Keep the wire detent handy until you are sure the plastic nubbins will work for you. Some of the grooves in the aftermarket barrels don't actually match the layout of the plastic nubbins (AGD spec), and the barrel can be too tight of a fit to let the plastic nubbin hang out of the groove. When all of the nubbins were wire, the groove side-shape didn't really matter, so some barrels just had "similar" grooves. I almost threw away my wire detents, but I have barrels that need them.
Ok so I got my parts in the mail today from Tuna (thanks again) I have followed the LV10 set up guide and I am using the carrier with 2 lines on it and the gold (short) spring. The marker does not leak down the barrel or otherwise and it does shoot and cycle more quickly than it did previously, however when I try to rapid fire it still 'chuffs' occasionally. It's clearly still not right any ideas anyone?
Last edited by Systemx; 10-06-2016 at 09:10 AM.
Ok it's being dry fired but if I was a betting man it sounds like the bolt is still sticking? Do I need to try a different carrier? If so which one?
I took a video of it shooting take a look
https://www.dropbox.com/s/ikdakacqv5...%2040.mp4?dl=0
Last edited by Systemx; 10-06-2016 at 11:21 AM.
If it sticks then the the bolt won't return. I'd leave the carrier that you are using for now (it's anyway the largest you have). Try it first with paint/reballs and see what it does.

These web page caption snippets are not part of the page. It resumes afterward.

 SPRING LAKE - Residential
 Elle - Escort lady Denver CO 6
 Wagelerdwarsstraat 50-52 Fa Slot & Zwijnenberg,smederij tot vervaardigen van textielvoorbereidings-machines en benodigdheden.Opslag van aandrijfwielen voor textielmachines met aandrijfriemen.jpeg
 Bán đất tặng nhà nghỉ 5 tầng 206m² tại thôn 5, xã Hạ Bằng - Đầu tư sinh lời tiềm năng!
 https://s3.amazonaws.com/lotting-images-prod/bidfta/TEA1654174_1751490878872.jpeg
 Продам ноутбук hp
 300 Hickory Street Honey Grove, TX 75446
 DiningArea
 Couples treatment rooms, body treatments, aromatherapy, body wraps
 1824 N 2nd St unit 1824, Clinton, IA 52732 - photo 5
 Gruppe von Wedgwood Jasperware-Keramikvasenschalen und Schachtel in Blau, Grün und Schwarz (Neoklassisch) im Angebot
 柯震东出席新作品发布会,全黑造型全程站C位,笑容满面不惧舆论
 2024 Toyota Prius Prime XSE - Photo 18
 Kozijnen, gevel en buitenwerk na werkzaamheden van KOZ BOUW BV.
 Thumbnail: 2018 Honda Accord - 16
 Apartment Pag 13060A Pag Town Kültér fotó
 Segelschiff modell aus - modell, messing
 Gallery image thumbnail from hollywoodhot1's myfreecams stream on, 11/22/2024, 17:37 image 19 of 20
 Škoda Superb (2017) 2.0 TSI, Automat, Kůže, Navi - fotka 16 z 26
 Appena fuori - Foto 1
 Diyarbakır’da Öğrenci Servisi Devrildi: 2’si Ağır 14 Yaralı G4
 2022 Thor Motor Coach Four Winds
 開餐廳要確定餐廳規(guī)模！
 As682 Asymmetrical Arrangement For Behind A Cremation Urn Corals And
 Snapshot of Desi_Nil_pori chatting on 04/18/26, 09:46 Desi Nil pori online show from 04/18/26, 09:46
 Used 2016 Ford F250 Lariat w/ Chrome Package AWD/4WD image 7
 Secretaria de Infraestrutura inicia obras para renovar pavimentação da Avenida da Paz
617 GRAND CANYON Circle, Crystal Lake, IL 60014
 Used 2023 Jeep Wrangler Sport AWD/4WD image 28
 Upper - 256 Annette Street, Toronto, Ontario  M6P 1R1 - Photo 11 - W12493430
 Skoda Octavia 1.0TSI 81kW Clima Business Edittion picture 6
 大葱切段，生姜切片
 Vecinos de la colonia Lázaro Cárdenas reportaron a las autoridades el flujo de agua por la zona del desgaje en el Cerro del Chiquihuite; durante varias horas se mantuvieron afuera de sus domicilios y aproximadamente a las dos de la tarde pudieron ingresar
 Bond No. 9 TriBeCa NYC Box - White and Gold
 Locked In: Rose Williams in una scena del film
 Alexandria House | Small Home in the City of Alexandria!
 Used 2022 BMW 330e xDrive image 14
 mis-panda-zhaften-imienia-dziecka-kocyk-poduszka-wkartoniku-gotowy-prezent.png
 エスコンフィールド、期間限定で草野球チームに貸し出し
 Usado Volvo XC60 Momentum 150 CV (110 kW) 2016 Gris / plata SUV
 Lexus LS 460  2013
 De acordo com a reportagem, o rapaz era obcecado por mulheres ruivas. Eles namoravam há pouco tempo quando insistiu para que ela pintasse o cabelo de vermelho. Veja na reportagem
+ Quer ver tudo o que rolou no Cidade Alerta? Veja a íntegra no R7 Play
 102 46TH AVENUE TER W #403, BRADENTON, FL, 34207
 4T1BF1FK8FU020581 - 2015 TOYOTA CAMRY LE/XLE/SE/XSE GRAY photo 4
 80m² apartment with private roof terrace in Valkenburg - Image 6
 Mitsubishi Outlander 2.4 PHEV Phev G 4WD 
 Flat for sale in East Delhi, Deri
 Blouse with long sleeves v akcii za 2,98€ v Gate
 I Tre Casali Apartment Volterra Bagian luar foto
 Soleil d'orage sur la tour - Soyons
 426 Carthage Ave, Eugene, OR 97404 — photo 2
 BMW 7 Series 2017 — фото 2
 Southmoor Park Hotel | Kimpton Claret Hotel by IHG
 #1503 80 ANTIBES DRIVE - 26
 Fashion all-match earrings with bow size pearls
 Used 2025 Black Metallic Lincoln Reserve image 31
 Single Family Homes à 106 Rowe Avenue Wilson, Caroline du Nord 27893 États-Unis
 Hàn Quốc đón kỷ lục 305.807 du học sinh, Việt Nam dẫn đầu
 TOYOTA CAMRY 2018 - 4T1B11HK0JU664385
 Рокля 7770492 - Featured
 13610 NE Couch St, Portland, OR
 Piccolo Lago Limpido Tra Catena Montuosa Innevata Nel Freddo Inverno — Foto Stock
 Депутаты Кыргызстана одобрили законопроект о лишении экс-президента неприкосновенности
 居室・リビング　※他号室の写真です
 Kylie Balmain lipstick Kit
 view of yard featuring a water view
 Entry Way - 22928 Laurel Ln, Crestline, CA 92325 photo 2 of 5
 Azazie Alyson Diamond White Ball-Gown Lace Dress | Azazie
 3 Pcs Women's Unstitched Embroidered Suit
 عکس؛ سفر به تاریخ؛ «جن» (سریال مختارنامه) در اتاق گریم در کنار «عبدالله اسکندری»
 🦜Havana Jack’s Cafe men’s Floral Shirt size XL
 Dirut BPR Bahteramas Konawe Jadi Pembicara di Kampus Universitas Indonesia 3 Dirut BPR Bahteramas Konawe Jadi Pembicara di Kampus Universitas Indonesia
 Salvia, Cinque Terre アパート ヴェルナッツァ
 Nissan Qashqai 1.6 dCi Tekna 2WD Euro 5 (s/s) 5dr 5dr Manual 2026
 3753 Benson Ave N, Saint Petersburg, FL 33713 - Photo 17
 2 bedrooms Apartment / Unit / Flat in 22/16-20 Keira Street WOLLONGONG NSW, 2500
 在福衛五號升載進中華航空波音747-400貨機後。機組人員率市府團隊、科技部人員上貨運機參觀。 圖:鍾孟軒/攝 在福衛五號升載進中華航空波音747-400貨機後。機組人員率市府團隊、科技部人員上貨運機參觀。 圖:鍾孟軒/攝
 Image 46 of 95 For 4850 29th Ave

It could also be that your field strip screw is little loose and allows some movement on the valve which then misaligns with the body causing stick. One indication of this is if the bolt unsticks when you push from the back of the valve.
Ok the bolt is returning as it shoots when you pull the trigger again, I have adjusted the trigger rod leaving a credit cards width between it and the trigger. If that is the largest carrier it's strange as when I used the others earlier on they leaked? I'll put some paint through it and see what happens.
2 lines is 2.0 carrier, And I think that's the largest you ordered from Tuna? From largest to smallest: Dot and line is 1.5, Line is 1.0, dot is 0.5 and nothing is 0.
Ok thanks for the info on the carriers it's good to know, did you have a chance to look at the video?
Last edited by Systemx; 10-06-2016 at 11:44 AM.
Ok I'll work on it but the trigger just feels a bit clunky, I just figured that the Mag would shoot quicker than it does especially with the inteli frame? I take it all appears ok with the Mag apart from that? Also I cannot seem to get the reactive trigger working? The output pressure of my tank is 850psi which should be enough pressure?
Last edited by Systemx; 10-06-2016 at 02:32 PM.
It can shoot very fast if your fingers can keep up. Yeah, everything looks ok as far as I can tell from the video.
RT effect will come in time (at least for most of them it does) as the o-rings break in. Of course this also depends of the flow rate of your tank regulator and its output pressure (should be at least 800 psi ).
Ok cool, I'll leave it as it is and persevere with it and try to get used to the trigger as it is quite unlike any other marker I own, I do have an amourgeddon air system kicking around with an SCI tank that needs a hydro test as I hear these are good for supplying 900-1000 psi to the valve, in case I can't get the R/T effect with my existing tank.
Last edited by Systemx; 10-06-2016 at 05:44 PM.
It sounds like it is starving for air. Make sure the on-off ASA pin is depressing the bottle pin properly. Too much or too little and it will starve the gun. You do need to make sure your finger fully releases the trigger each pull. The retro/X-valve should mostly eliminate that problem though due to the extra return force. Make sure your velocity is turned up far enough.
A bolt that is sticking just a bit could slow down the reset such that the valve doesn't have enough time to recharge before the next shot is attempted. It could be a carrier that is a bit too tight, but that would be rare for a 2.0 carrier to be too tight. You can try another powertube carrier oring and retune the level 10 to see if that is the problem.
Does the body sit down tight against the rail? If the pim on the bottom of the body is bottoming out in the rail, it could cause issues.
Does it have an issue when the gun is cycled with the barrel out? A barrel that isn't centered in the body could have an effect on the ability to cycle quickly. That can be remedied with a couple of wraps of tape to take up some of the slack.
Hi athomas, I have a lot to check but I have now run out of air so until I refill my tanks on Sunday I'll have to wait. The body appears to be fitted correctly and I'll check it with the barrel removed. Any ideas on why the trigger feels clunky? Could it be an on off issue or a sear rod adjustment?
As long as the trigger is swinging free when the grip frame is by itself it should be fine. The trigger rod should be adjusted so that there is a tiny gap between the front of the rod and the back of the trigger when the trigger is held against the safety with the gun aired up. The grip frame may feel clunky if you are getting bolt stick. The bolt stick prevents the trigger rod from pushing forward right away.